In the second quarter of 2024, the number of EV-charging ports in the U.S. Department of Energy’s (DOE) Station Locator grew by 6.3%, or 12,485 EV-charging ports, bringing the total number of ports to 211,382. Public EV-charging ports account for most of the ports in the Station Locator, and grew by 6.5% in the second quarter. The most substantial percentage growth in public charging infrastructure during the second quarter was in the Northeast, with a 13.2% increase in EV-charging ports; however, California continues to lead the nation in the number of public EV-charging ports with 26.3% of all public charging ports, according to DOE.
Changing consumer behavior was another top answer that survey respondents said would affect gasoline demand. The percentage of respondents that selected that answer dropped more than 10 percentage points from last year, though.

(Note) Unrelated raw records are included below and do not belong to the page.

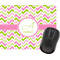 Pink & Green Geometric Rectangular Mouse Pad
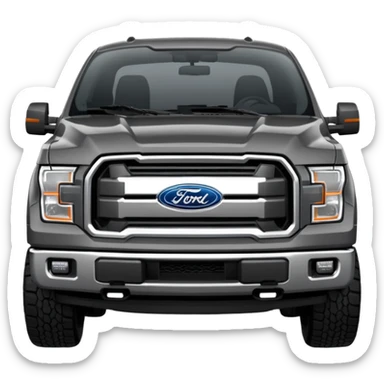 Dark Grey Forf F150 sticker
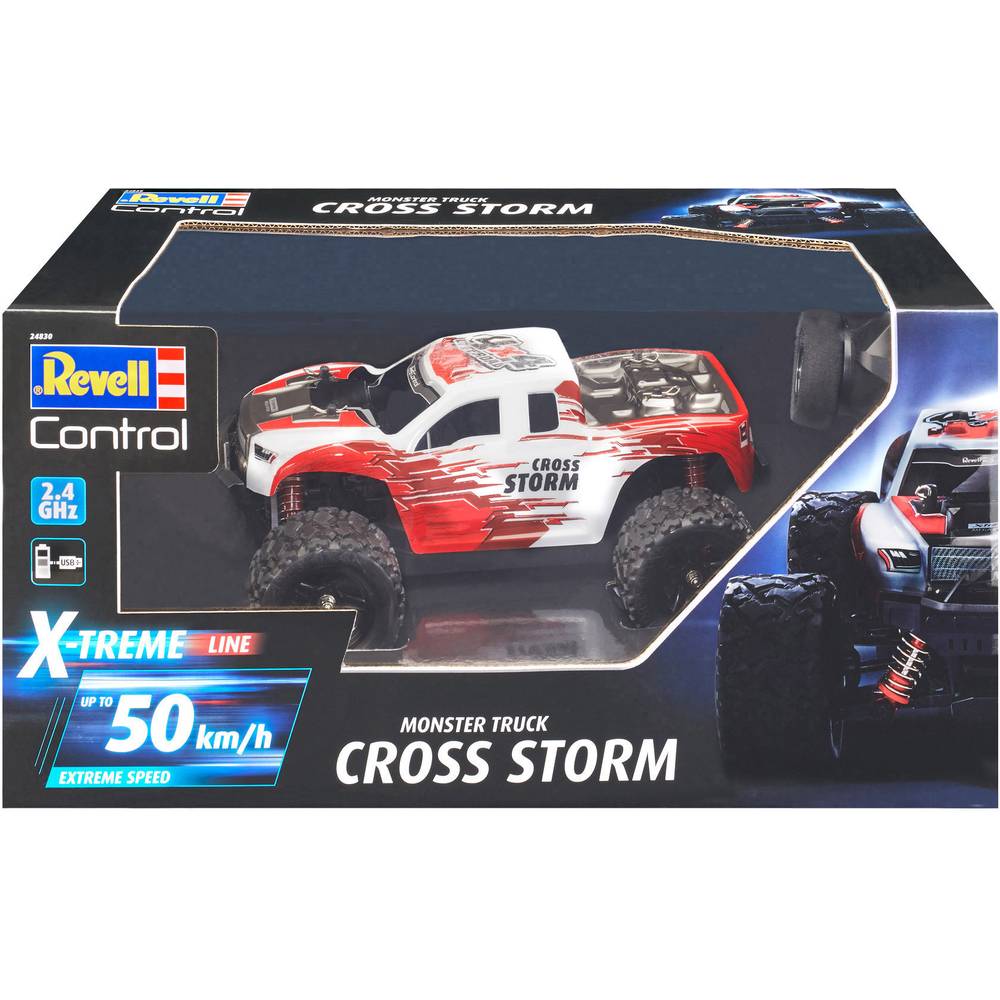 Revell 24830 RC X-TREME Monster Truck "Cross Storm" Revell Control Ferngesteuertes Auto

Other top answers included fuel prices and regulations, plus, one respondent said that “employees required to be in office” could have an effect on fuel demand.
Adding biodiesel was the most common change that survey respondents said they would make to their fuel offering in 2025, at 51%. Next was adding EV chargers, at 42%, which dropped from being the No. 1 change last year.
Technology
The top three technologies that respondents said their c-stores leverage are loyalty programs, digital menu boards and online ordering.

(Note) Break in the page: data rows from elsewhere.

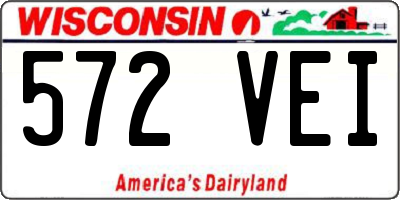 WI license plate 572VEI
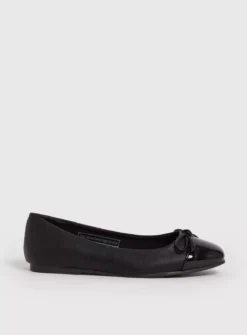 Black Patent Toe Ballerina Pumps 13 Infant -Hush Puppies Clothing Sale tuc142177961 Black R Z001A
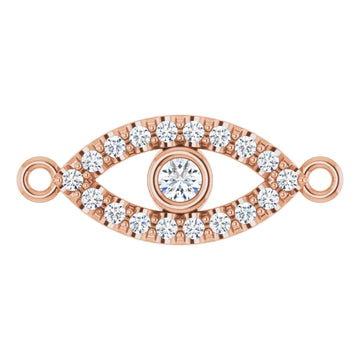 Natural Diamond Evil Eye Link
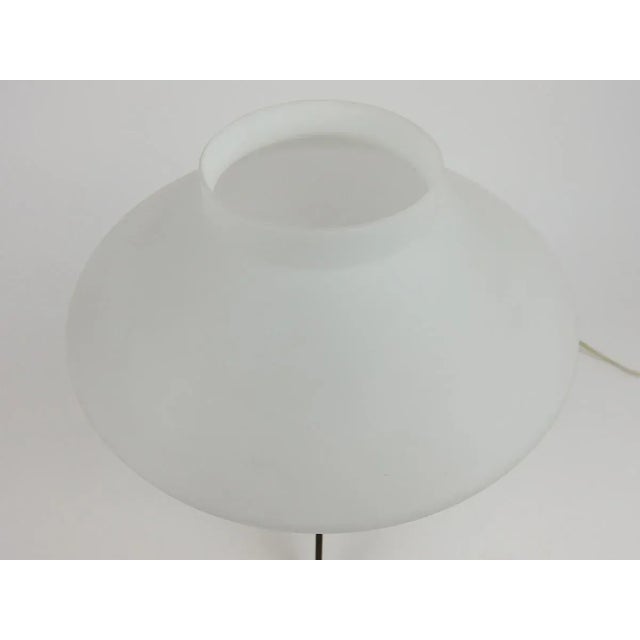 Metal Opalescent Glass Lamp, 1960s For Sale - Image 7 of 9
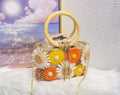 Daisy Flower Basket Handbag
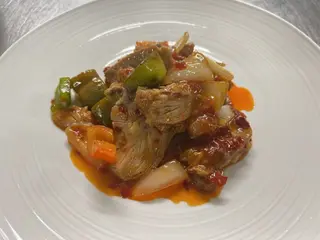 268. Anatra in salsa piccante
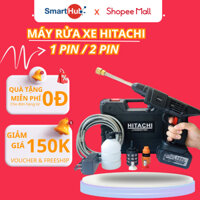 Máy Rửa Xe Cầm Tay Dùng Pin Áp Lực Cao Cầm Tay Máy Xịt Rửa Xe Tăng Đình Vệ Sinh Tưới Cây Tiện Dụng - HOMESMARTHCM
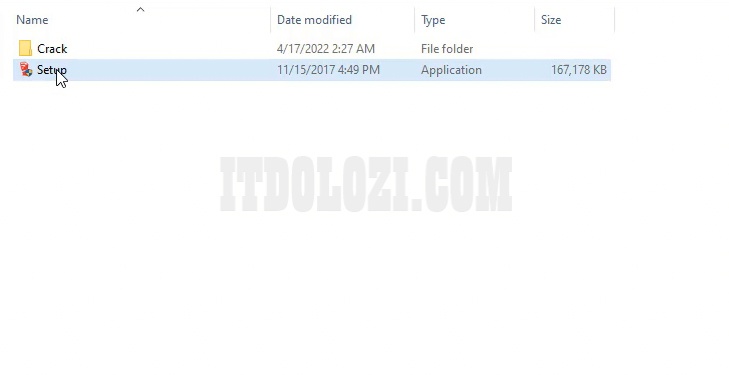 Giải nén phần mềm sau đó chạy File Setup Sketchup 2018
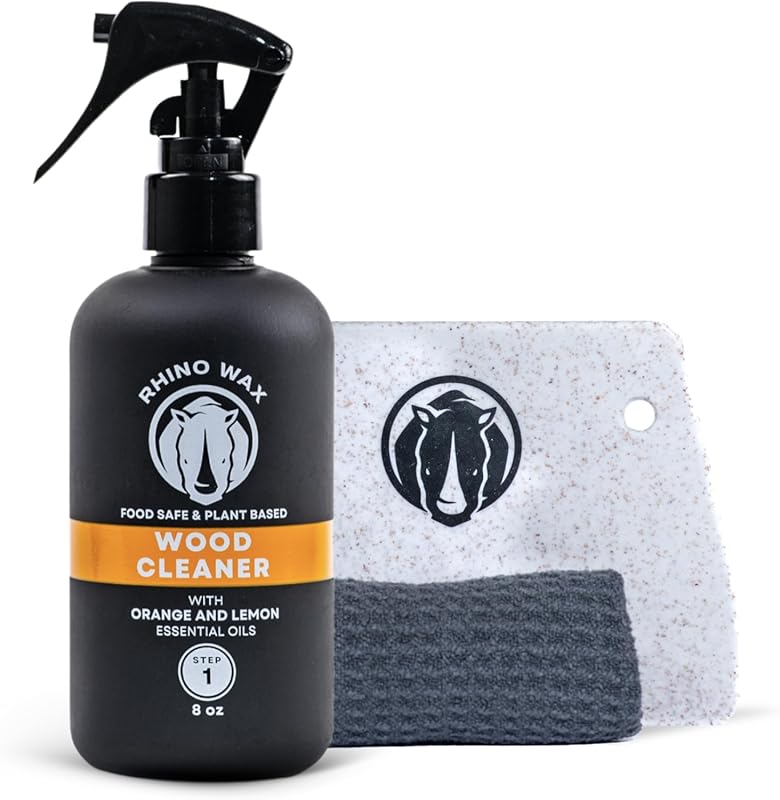 Food Safe Butcher Block Cleaning Kit: Includes Wood Spray Cleaner, Ben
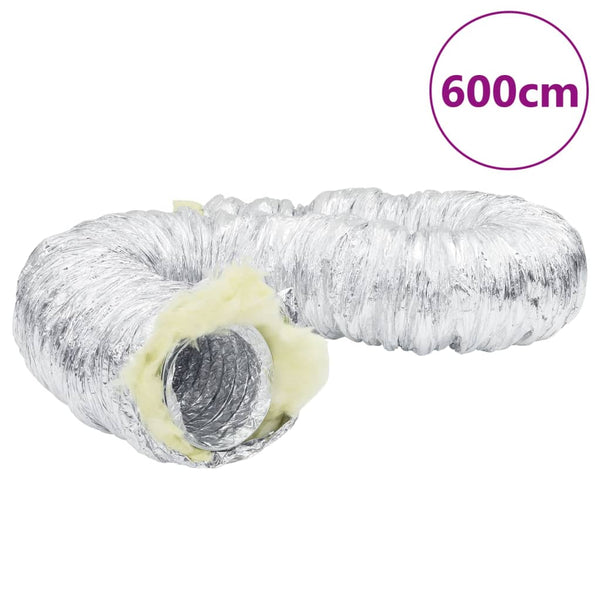 Eristetty ilmanvaihtokanava alumiini 6 m Ø12,5 cm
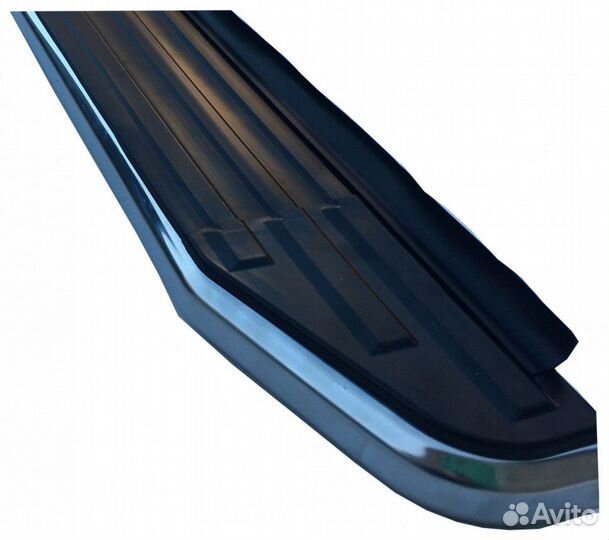 Пороги-подножки Toyota Rav 4 2019. Premium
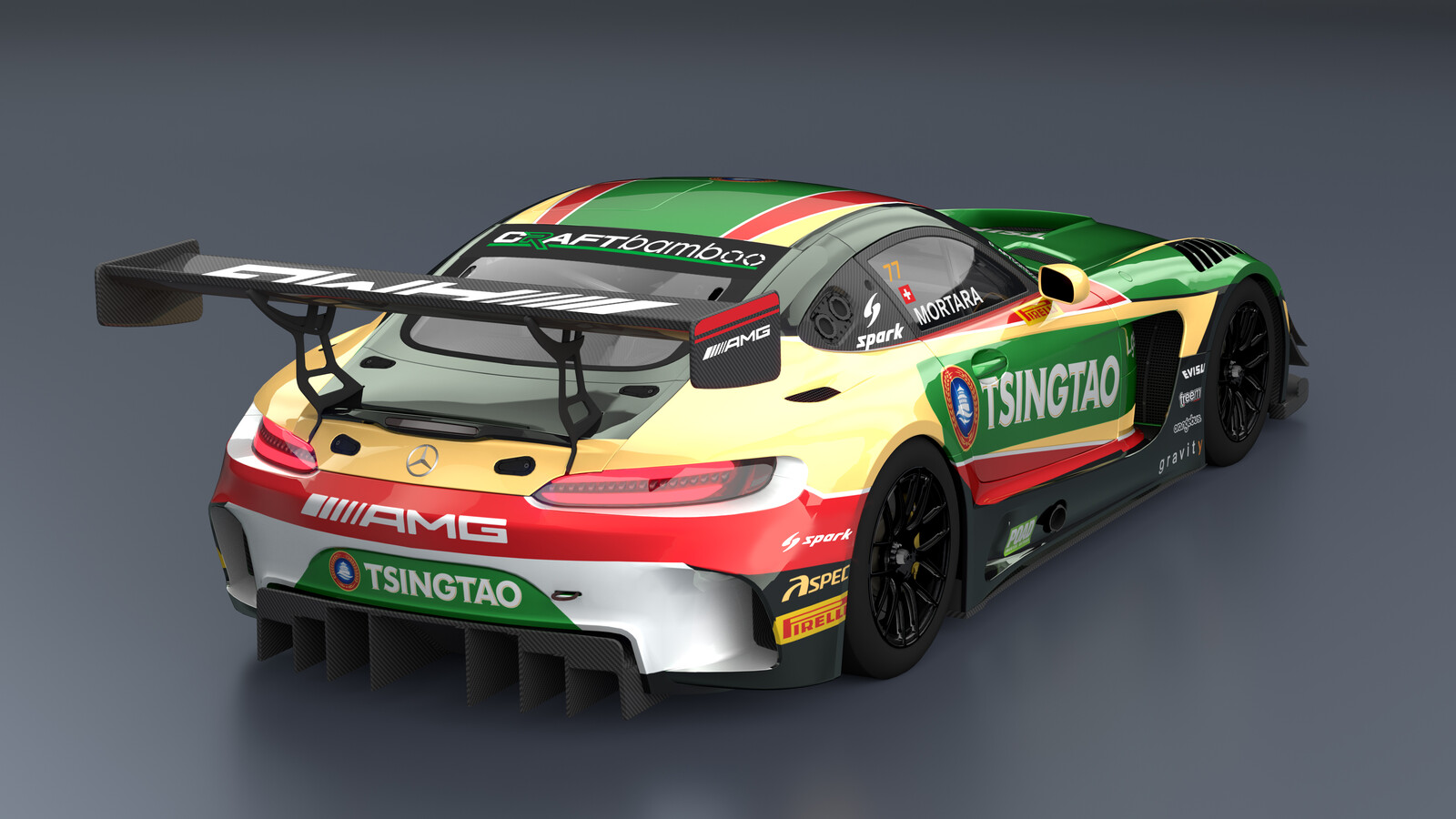 Rear Quarter 3D Design Visuals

“Consumers expect fast transaction times based on online shopping experience,” said Kenneth England, director of retail technology at Majors Management LLC/MAPCO Express, Lawrenceville, Georgia. “Upgrading tech on the front side of the house allows us to offer a faster transaction as well as makes it easier for our clerk to complete their side of the transaction.”

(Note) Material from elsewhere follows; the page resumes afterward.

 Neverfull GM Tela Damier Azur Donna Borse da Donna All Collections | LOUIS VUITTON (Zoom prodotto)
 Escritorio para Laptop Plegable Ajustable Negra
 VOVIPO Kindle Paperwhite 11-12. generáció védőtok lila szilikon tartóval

The technology has to work in partnership with employees, though. England said that the store employee who is operating the system is often forgotten.
“If it's easy to operate the system, and they can do it without much thought, they are able to engage the customer from both an upselling approach and a pleasant transaction,” he said. “When the clerk is frustrated with completing a transaction, that clearly comes across in their interaction with the customer.”
In the back of the store, the technology upgrades are focused on widening opportunities for managers to oversee operations in the store instead of being stuck in the back, keying in data, England said.
Other back-of-the-store upgrades concern applications with which consumers interact.
“If you're using digital media, customer facing apps, etc., they have to be working and at the necessary speed to function,” England said. “There's nothing more frustrating than using a retailer's app that doesn’t work in their store.”
“Consumers expect fast transaction times based on online shopping experience.” —Kenneth England, Majors Management LLC/MAPCO Express
Foodservice
Foodservice equipment upgrade was the top amenity that convenience retailers planned to add in 2025. It beat out frictionless transactions, mobile ordering and delivery.
In the 2024 outlook survey, “foodservice equipment upgrade” was not one of the options. The top choice was “frictionless transactions” at 62%. “Delivery” and “mobile ordering” tied for second at 50%, and “curbside pickup” finished fourth at 29%.
At Stinker Stores, Boise, Idaho, Billy Colemire, vice president-marketing and brand, said they are very happy with Menomonee Falls, Wisconsin-based Alto-Shaam’s H4H Multi-Cook Oven.
“It has four independent chambers, so it’s almost like four different ovens because each chamber has its own time, temperature and fan settings,” Colemire said. “It’s super easy to use.”
The c-store chain also is working on a pilot program in about 20% of its stores with Atlanta-based UpDog, which offers an artificial-intelligence program that monitors roller grills with a camera. UpDog analyzes sales patterns, time of day and traffic trends to create tailored strategies for each station, ensuring optimal product placement and preparation. The program also conducts real-time monitoring, ensuring grills are consistently stocked, clean and compliant.